#### Data for the task ####

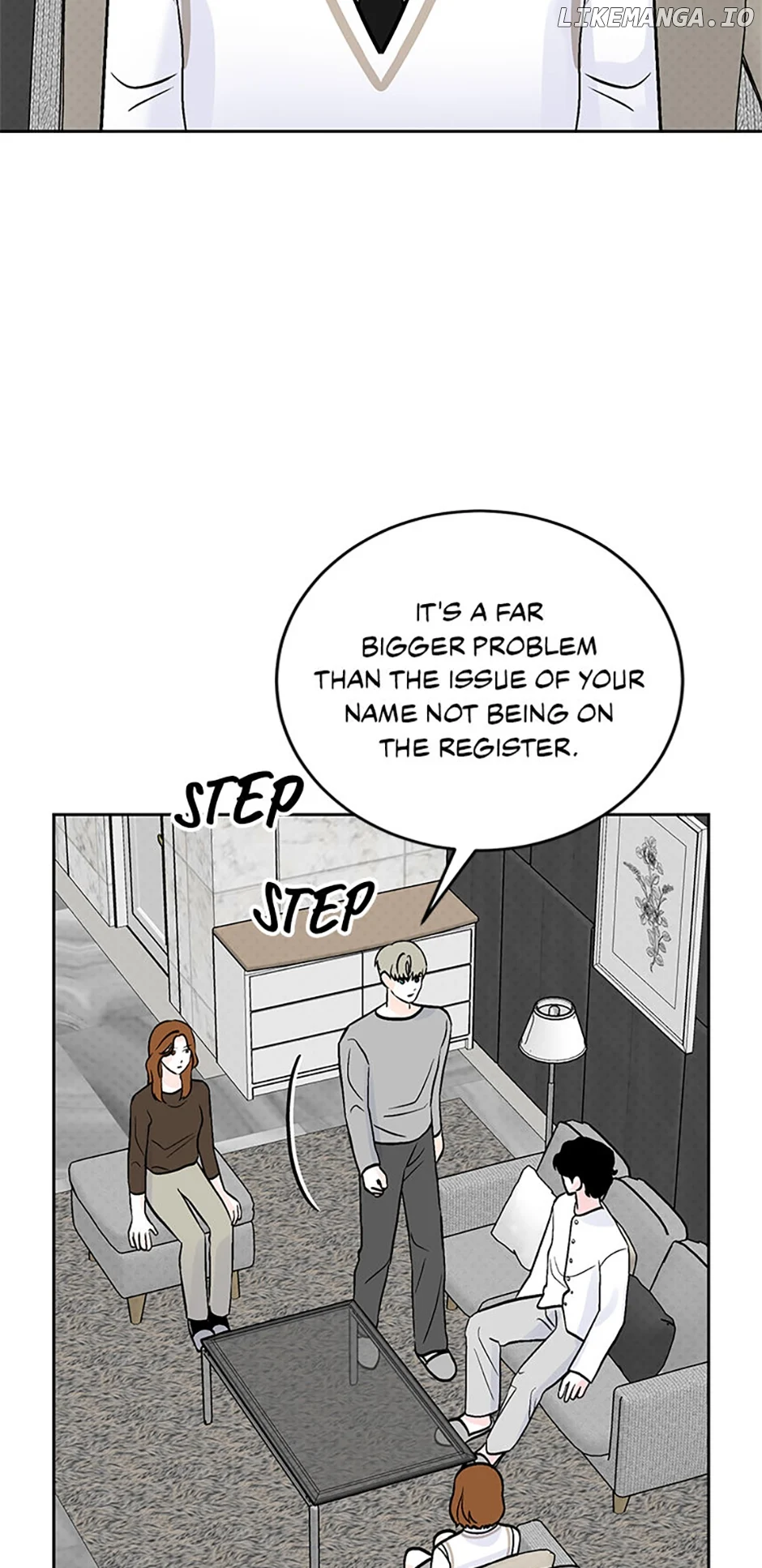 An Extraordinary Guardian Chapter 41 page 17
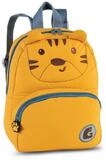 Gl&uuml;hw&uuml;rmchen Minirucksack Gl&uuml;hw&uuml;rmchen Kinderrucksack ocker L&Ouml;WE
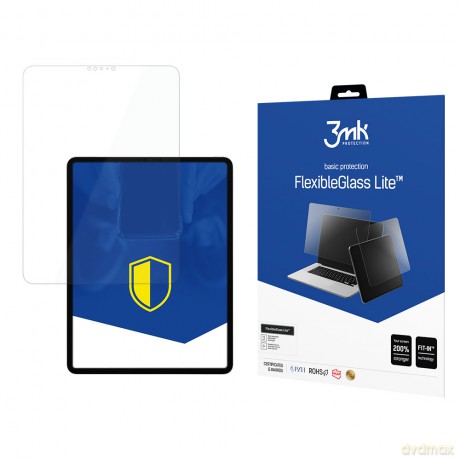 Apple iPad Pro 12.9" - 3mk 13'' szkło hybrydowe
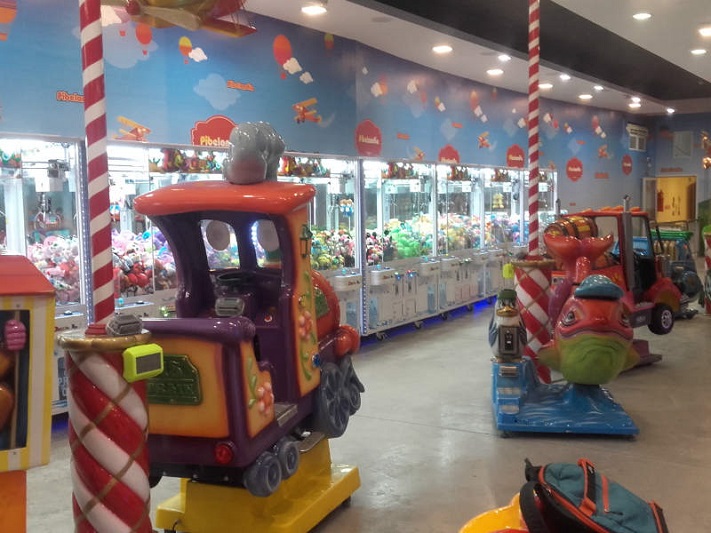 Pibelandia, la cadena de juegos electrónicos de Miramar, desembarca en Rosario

####
#### Data for the task ####

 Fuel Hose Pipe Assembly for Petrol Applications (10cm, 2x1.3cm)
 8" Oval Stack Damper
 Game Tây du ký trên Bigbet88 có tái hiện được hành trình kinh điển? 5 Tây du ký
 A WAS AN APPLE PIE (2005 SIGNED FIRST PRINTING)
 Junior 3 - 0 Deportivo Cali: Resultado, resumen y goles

####

Goal of the exercise
Reproduce, word for word, everything in the listing above from the line containing "An Extraordinary Guardian Chapter 41 page 17" down to the line containing "Pibelandia, la cadena", both of them included. No pictures.

Expected answer
 An Extraordinary Guardian Chapter 41 page 17
 Gl&uuml;hw&uuml;rmchen Minirucksack Gl&uuml;hw&uuml;rmchen Kinderrucksack ocker L&Ouml;WE
 Apple iPad Pro 12.9" - 3mk 13'' szkło hybrydowe
 Pibelandia, la cadena de juegos electrónicos de Miramar, desembarca en Rosario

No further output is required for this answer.